_Task brief_. Output each record exactly as given. Leave out every picture.

_Provided records_.
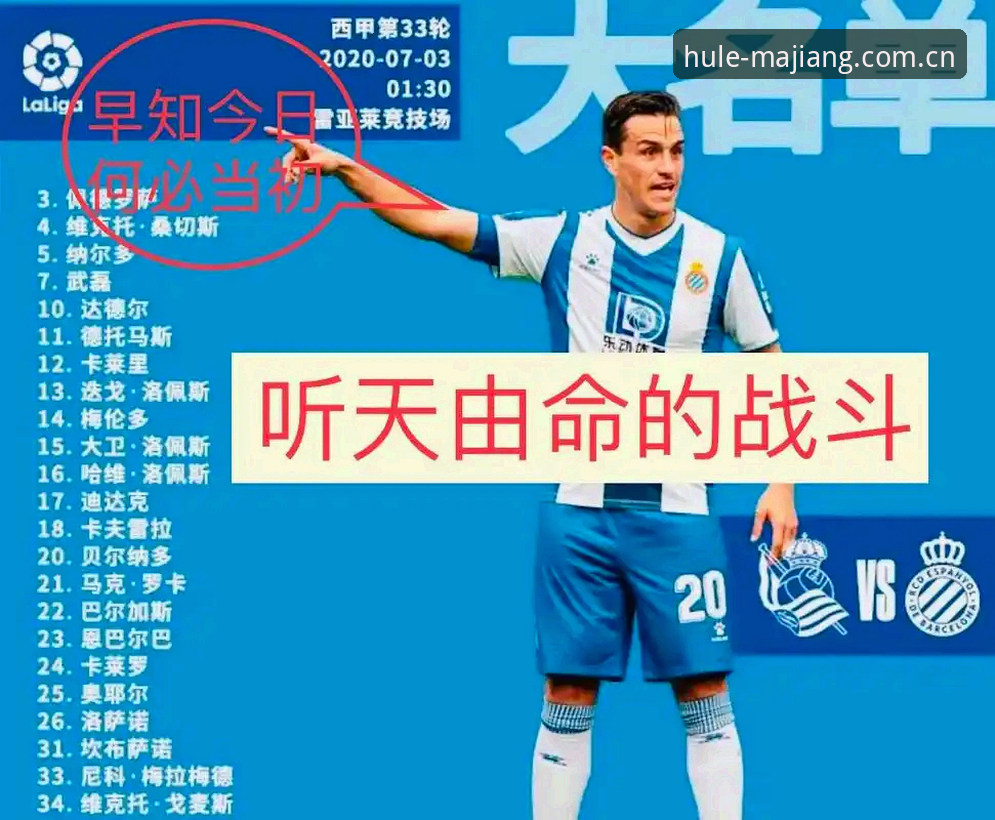 皇家社会转会操作教程：如何在麻将胡了官网追踪迪奥戈·莱特转会动态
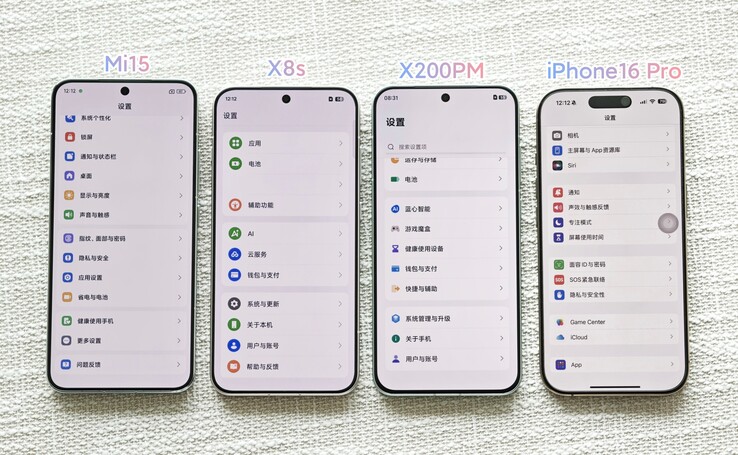 ...och iPhone 16 Pro (till höger). (Källa: Digital Chat Station via Weibo)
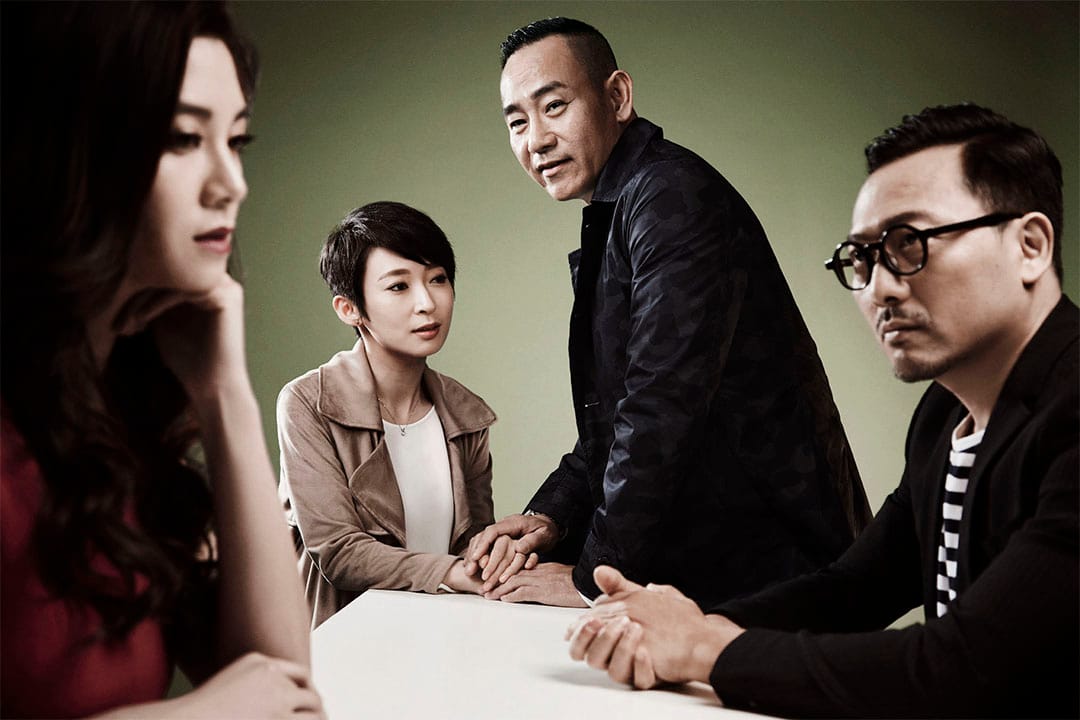 电视剧《玛嘉烈与大卫系列 绿豆》。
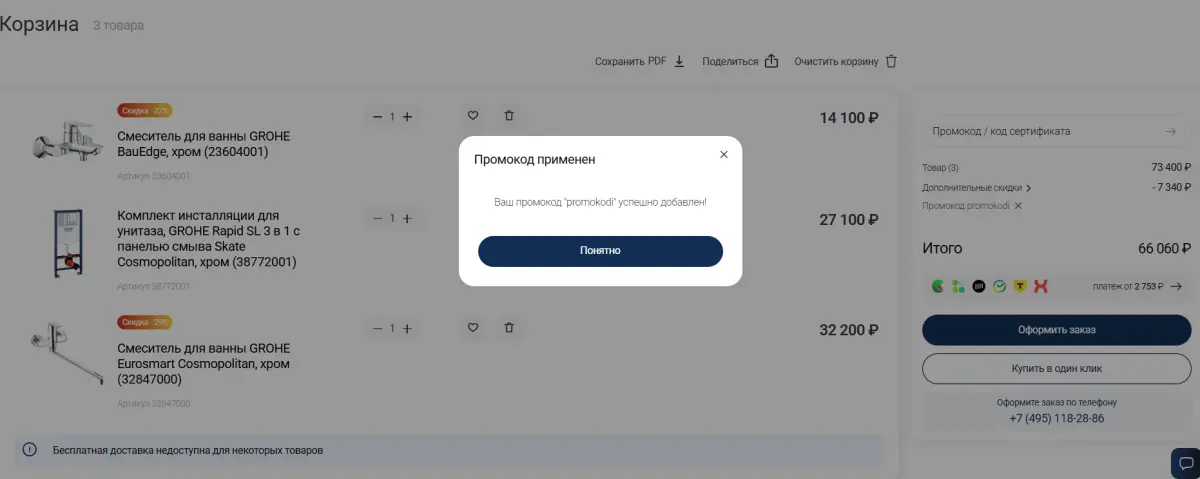 Скриншот проверки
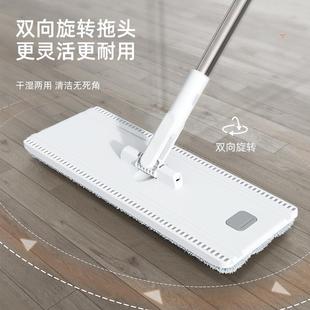 免手洗拖把清污分离拖布桶家用地拖一拖净地板懒人平板拖地墩D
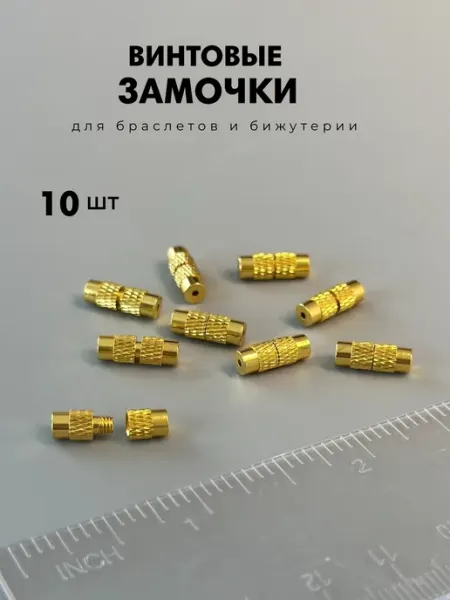 Замочки для бижутерии винтовые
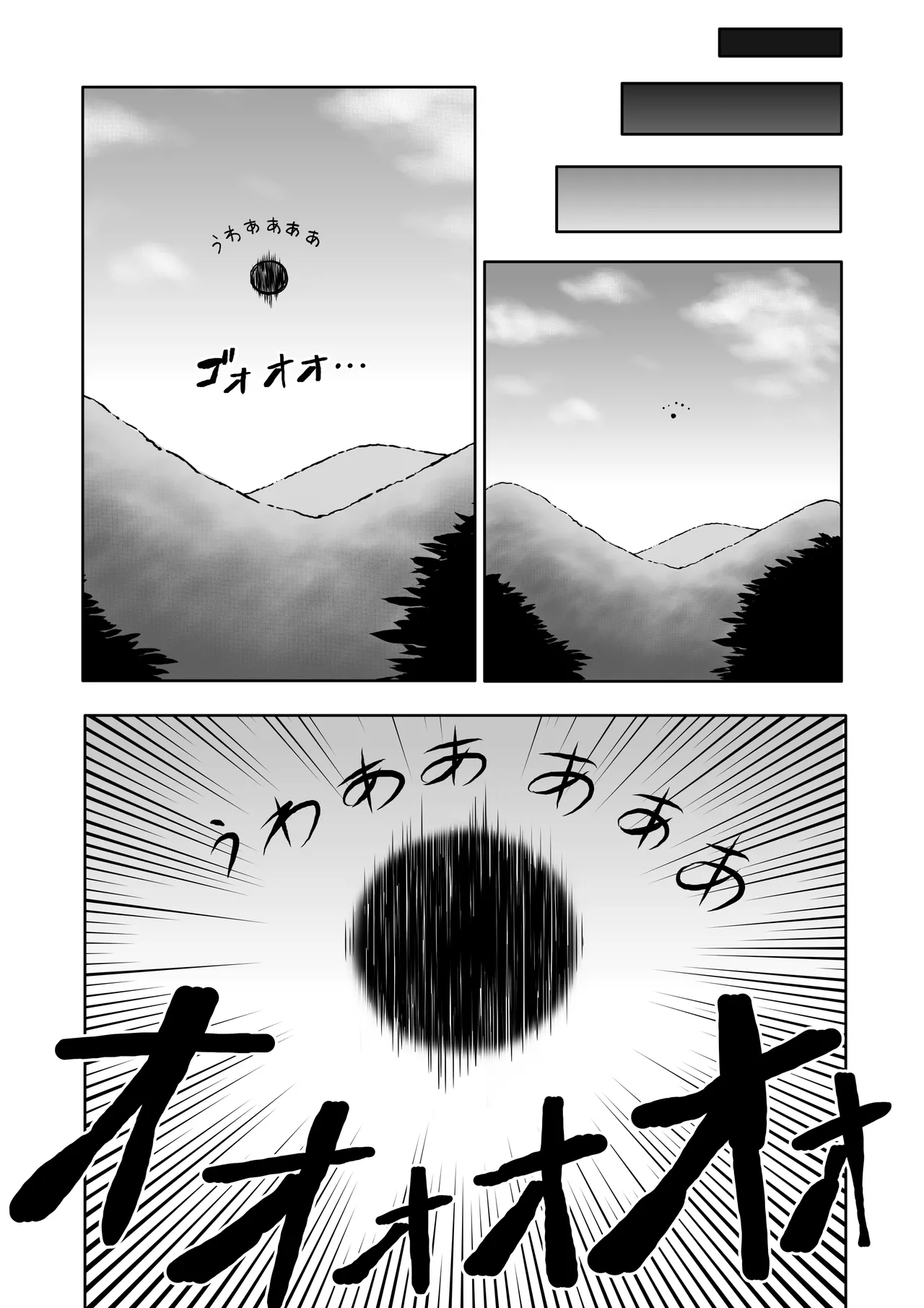Hibana vs. Planarization Army - Image 60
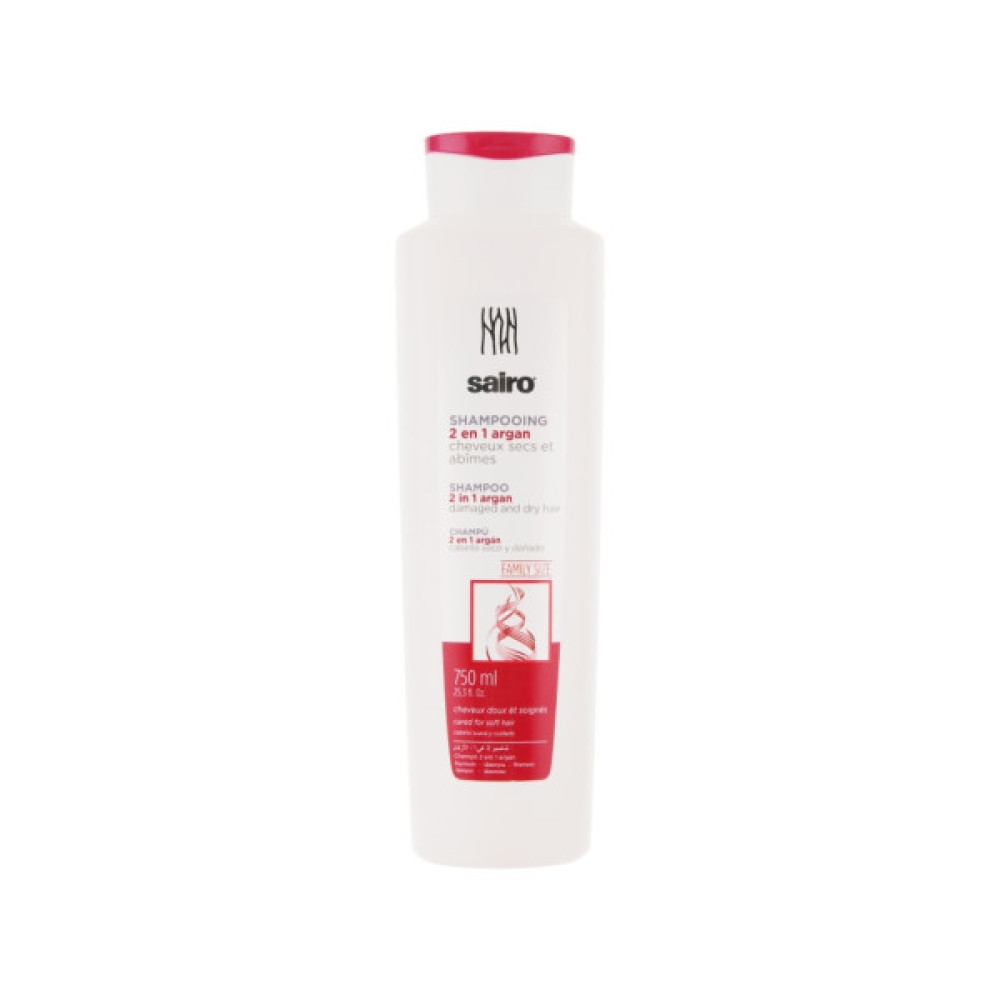 Шампунь Sairo 2 in 1 Argan 750 мл (8433295051150)
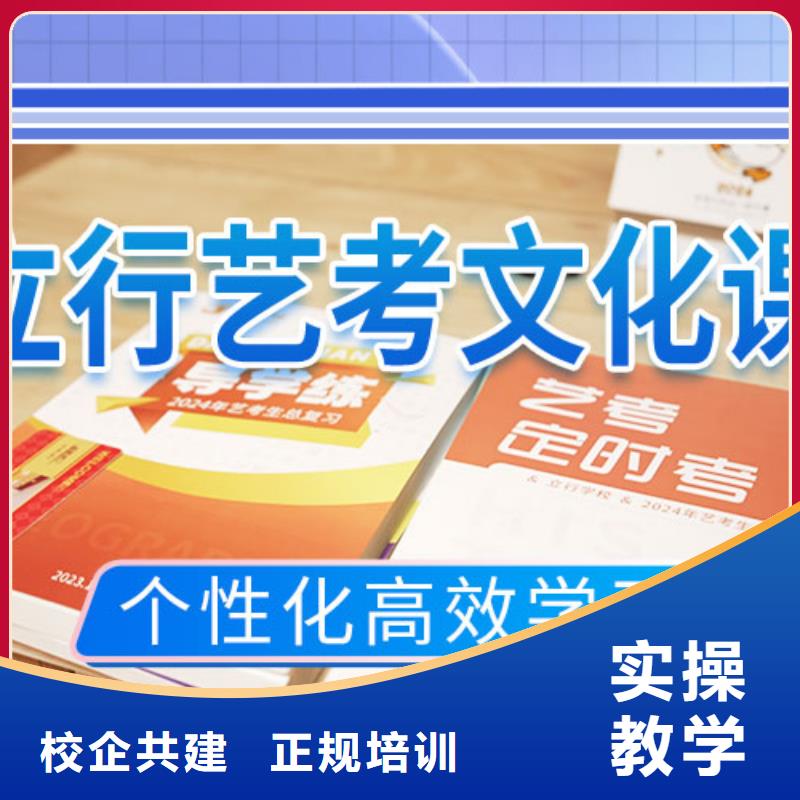 藝考文化課培訓(xùn)【高考復(fù)讀清北班】高薪就業(yè)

_Response area_.
 皇家社会转会操作教程：如何在麻将胡了官网追踪迪奥戈·莱特转会动态
 ...och iPhone 16 Pro (till höger). (Källa: Digital Chat Station via Weibo)
 电视剧《玛嘉烈与大卫系列 绿豆》。
 Скриншот проверки
 免手洗拖把清污分离拖布桶家用地拖一拖净地板懒人平板拖地墩D
 Замочки для бижутерии винтовые
Hibana vs. Planarization Army - Image 60
 Шампунь Sairo 2 in 1 Argan 750 мл (8433295051150)
 藝考文化課培訓(xùn)【高考復(fù)讀清北班】高薪就業(yè)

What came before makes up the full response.